- _GIVEN DATA_:
*** Begin section ***

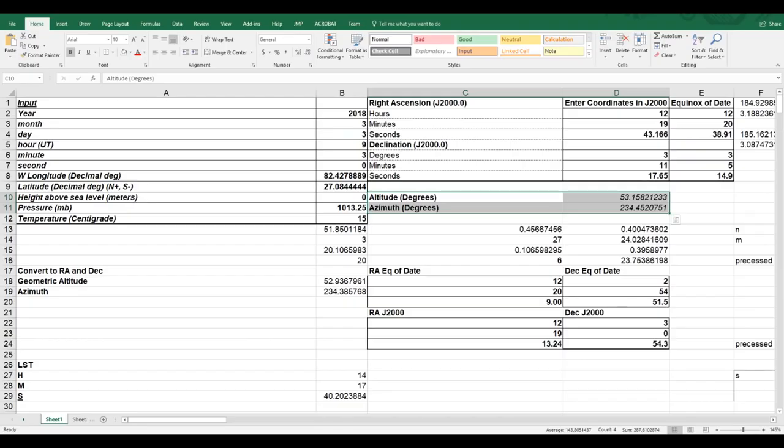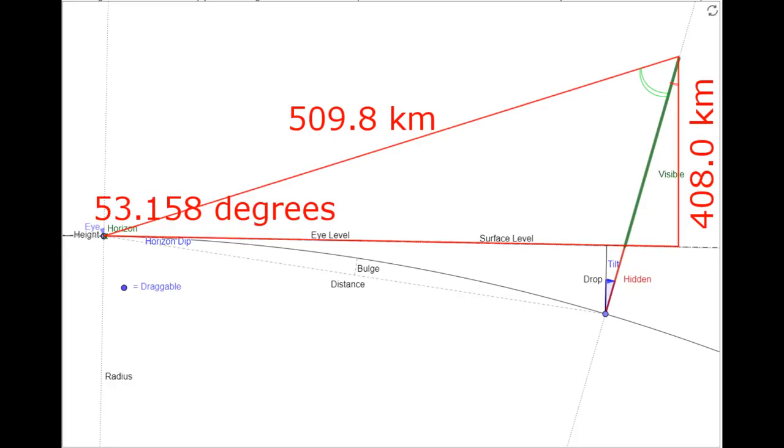This spreadsheet, linked in the video description, allows us to calculate the altitude and azimuth of ISS over the horizon at the time that frame was taken, by converting the right ascension and declination to altitude and azimuth knowing when and where the image was taken. Here's a repurposed diagram from Metabunk's curvature calculator. Knowing the range of 509.8 kilometers and multiplying that by the sine of the space station's altitude over the horizon — 53.158 degrees — we find a flat earth altitude of the space station of about 408 kilometers. As Red's Rhetoric's video points out, even if you assume the earth is flat, ISS is still far too high to be any airplane, drone, or other aerial vehicle.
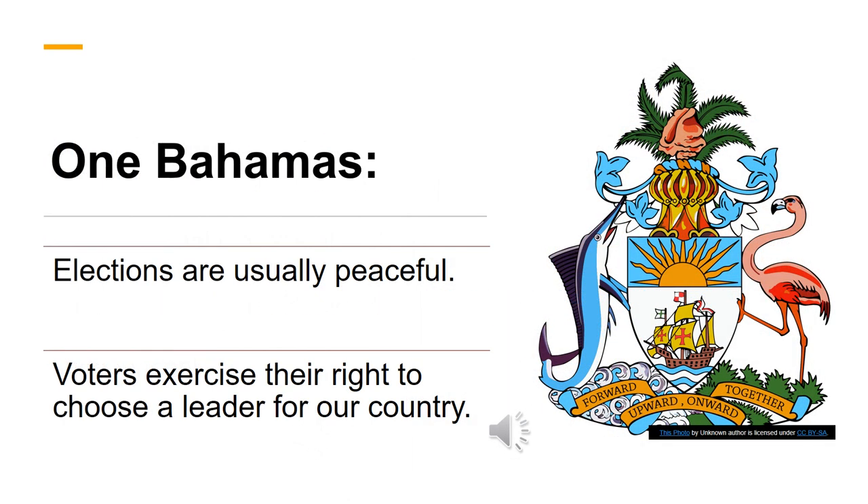In the Bahamas, elections are usually peaceful. Voters exercise their right to vote and choose a leader with little or no trouble. But in some countries, people are threatened if they do not vote for a particular party, and in these places, election day may be marked with violence.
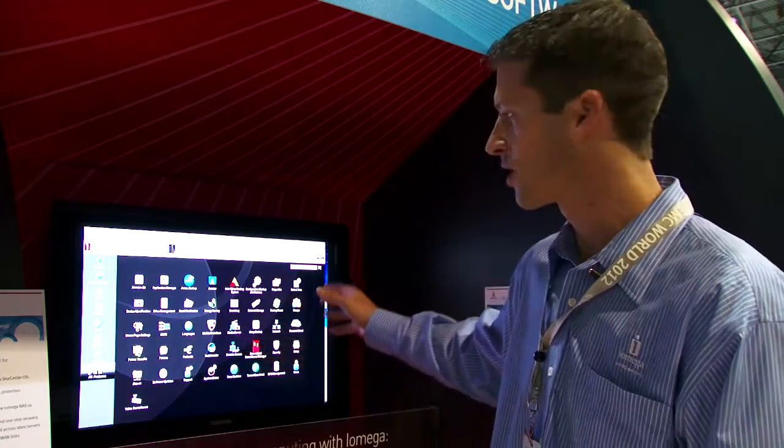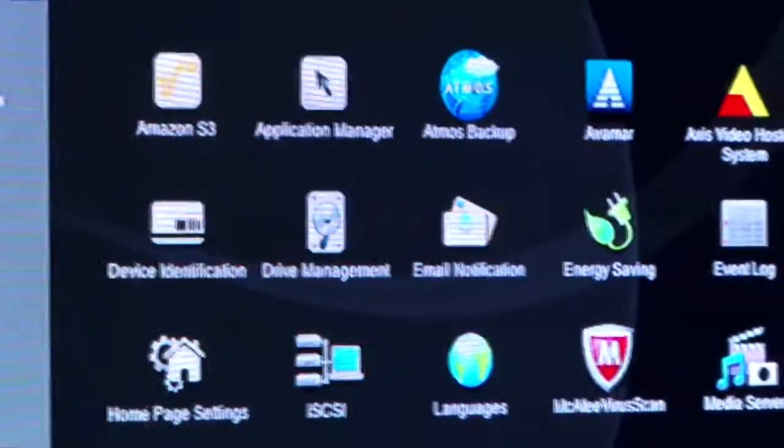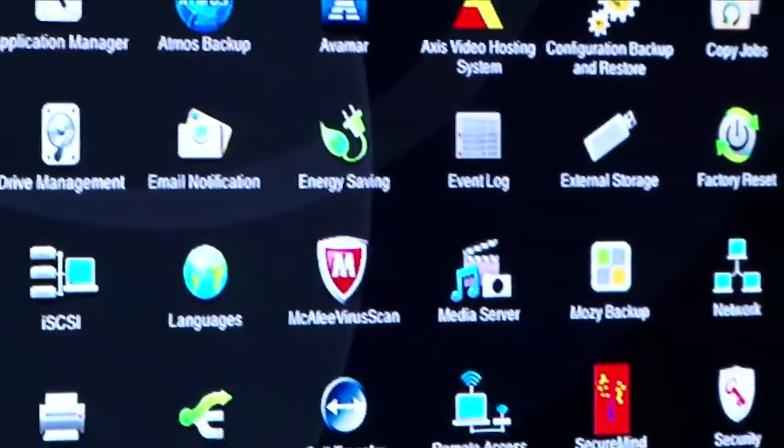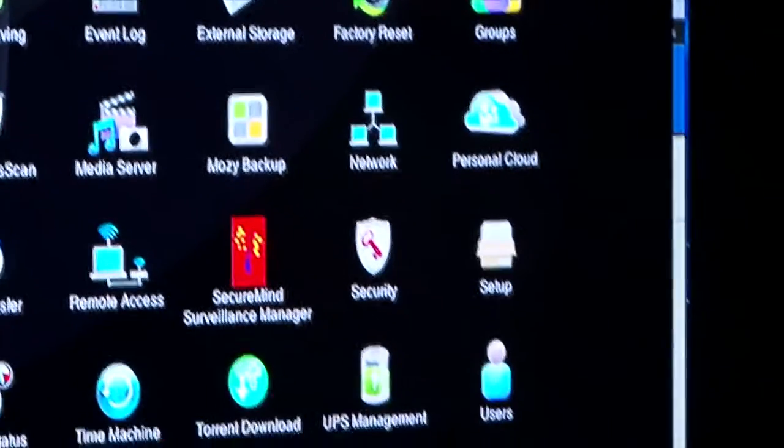As you can see here in the user interface, there's a lot of different features and applications that run right on the Lifeline OS. Things from energy saving, to backup, to security — all can be done right through this. It's all set up easily and very simple to use.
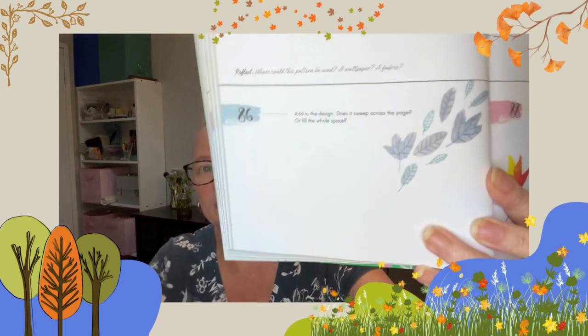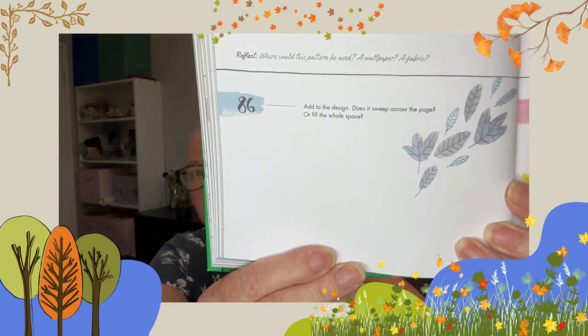Hi there, welcome to day 86 of 365 days of art in nature. Here is the art prompt for the day — have a look at that little leafy design there. It simply says 'add to the design.' Does it sweep across the page or fill the whole space?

*** End section ***

- _WHAT YOU ARE ASKED TO DO_:
All that is needed is the data above, repeated exactly, without the pictures.

- _WRITTEN SOLUTION_:
This spreadsheet, linked in the video description, allows us to calculate the altitude and azimuth of ISS over the horizon at the time that frame was taken, by converting the right ascension and declination to altitude and azimuth knowing when and where the image was taken. Here's a repurposed diagram from Metabunk's curvature calculator. Knowing the range of 509.8 kilometers and multiplying that by the sine of the space station's altitude over the horizon — 53.158 degrees — we find a flat earth altitude of the space station of about 408 kilometers. As Red's Rhetoric's video points out, even if you assume the earth is flat, ISS is still far too high to be any airplane, drone, or other aerial vehicle.
In the Bahamas, elections are usually peaceful. Voters exercise their right to vote and choose a leader with little or no trouble. But in some countries, people are threatened if they do not vote for a particular party, and in these places, election day may be marked with violence.
As you can see here in the user interface, there's a lot of different features and applications that run right on the Lifeline OS. Things from energy saving, to backup, to security — all can be done right through this. It's all set up easily and very simple to use.
Hi there, welcome to day 86 of 365 days of art in nature. Here is the art prompt for the day — have a look at that little leafy design there. It simply says 'add to the design.' Does it sweep across the page or fill the whole space?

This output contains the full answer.